- Memunda Location in Kerala, India Memunda Memunda (India)
- Coordinates: 11°36′2″N 75°38′2″E﻿ / ﻿11.60056°N 75.63389°E
- Country: India
- State: Kerala
- District: Kozhikode

Population
- • Total: 10,960 (2,001)

Languages
- • Official: Malayalam, English
- Time zone: UTC+5:30 (IST)
- PIN: 673104
- Telephone code: 496252
- Vehicle registration: KL-18
- Nearest city: Calicut
- Sex ratio: 3.2 ♂/♀
- Literacy: 81.3,%
- Lok Sabha constituency: Vatakara

= Memunda =

Memunda is a village near Vatakara town in Kozhikode district of Kerala, south India. The Lokanarkavu Temple is located at Memunda.

==Geography ==
Memunda is located on the east coast(6 km away) of Arabian Sea. It is surrounded by two hills, Muthappan hill and Valiya Mala.
==History==
The story of Thacholi Othenan is related to Memunda. Many exploits of Thacholi Othenan, the hero of the ballads of north malabar (Vadakkan Pattukal) were held in is the Lokanarkavu, in Memunda. Annual ceremonies are conducted in memory of "Othenan" whose birthplace is Manikoth, Meppayil near Memunda.

==Tourism==
The main attraction in Memunda is the 'Lokanarkavu Utsavam' (festival) during the months of Vrishchikam (November–December) and Meenam (March–April). The village has three rock-cut caves. The majority of the residents of Memunda are day laborers although there also reside many architects, teachers, and remote workers. There is also Kunnoth Para Quarry, a rock quarry in Memunda.

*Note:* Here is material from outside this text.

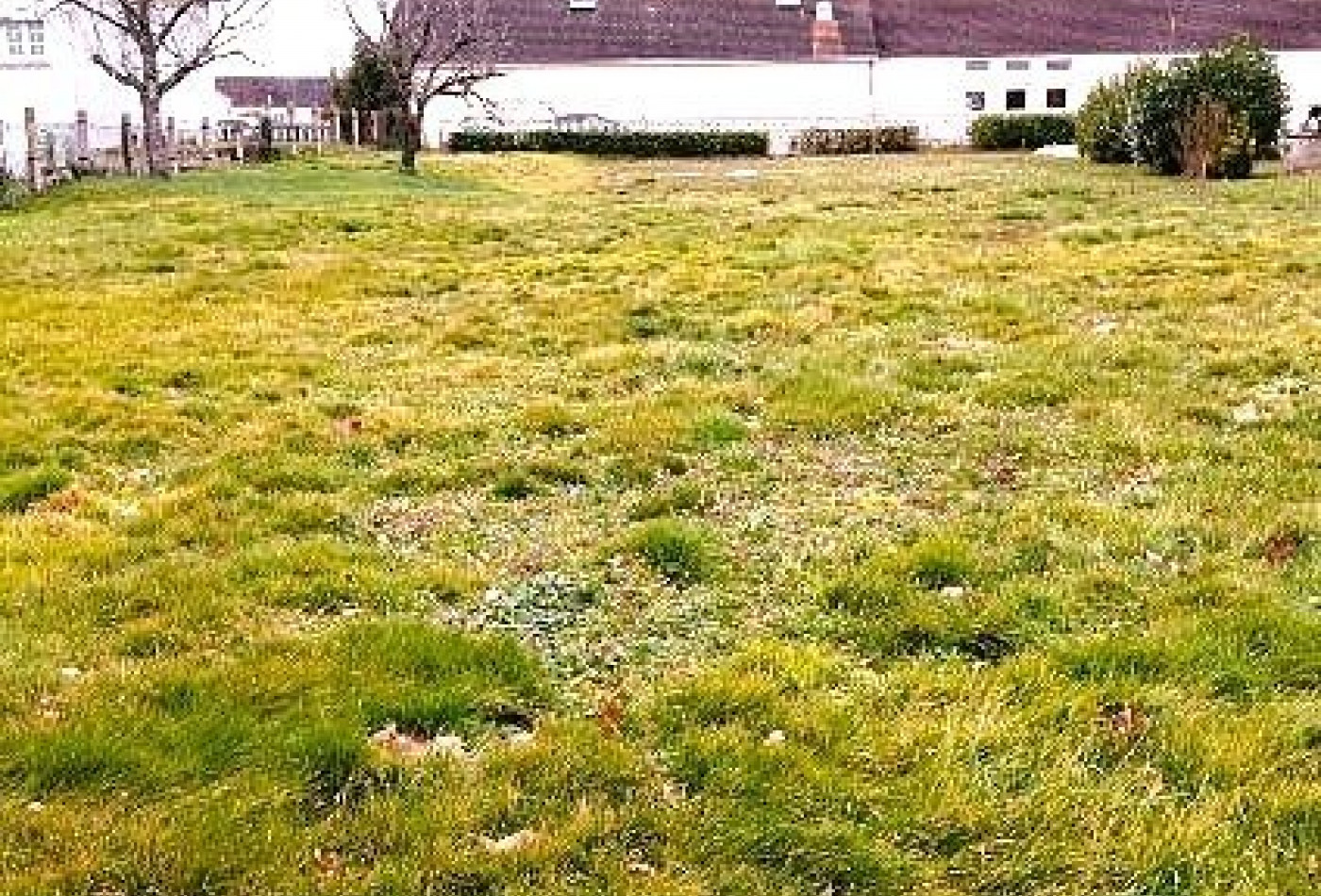 vente Terrain Lusigny - Photo 3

==Constituent villages of Memunda==
- Memunda
- Keezhal
- Kavil
- Kuttoth
- Arakulngara
- Bankroad

==Transportation==
Memunda is connected to other parts of India through Vatakara city in the west and Kuttiady in the east. National Highway 66 passes through Vatakara and the northern stretch connects to Mangalore, Goa and Mumbai. The southern stretch connects to Cochin and Trivandrum. The eastern Highway going through Kuttiady connects to Mananthavady, Mysore and Bangalore. The nearest airports are at Kannur and Kozhikode. The nearest railway station is at Vatakara.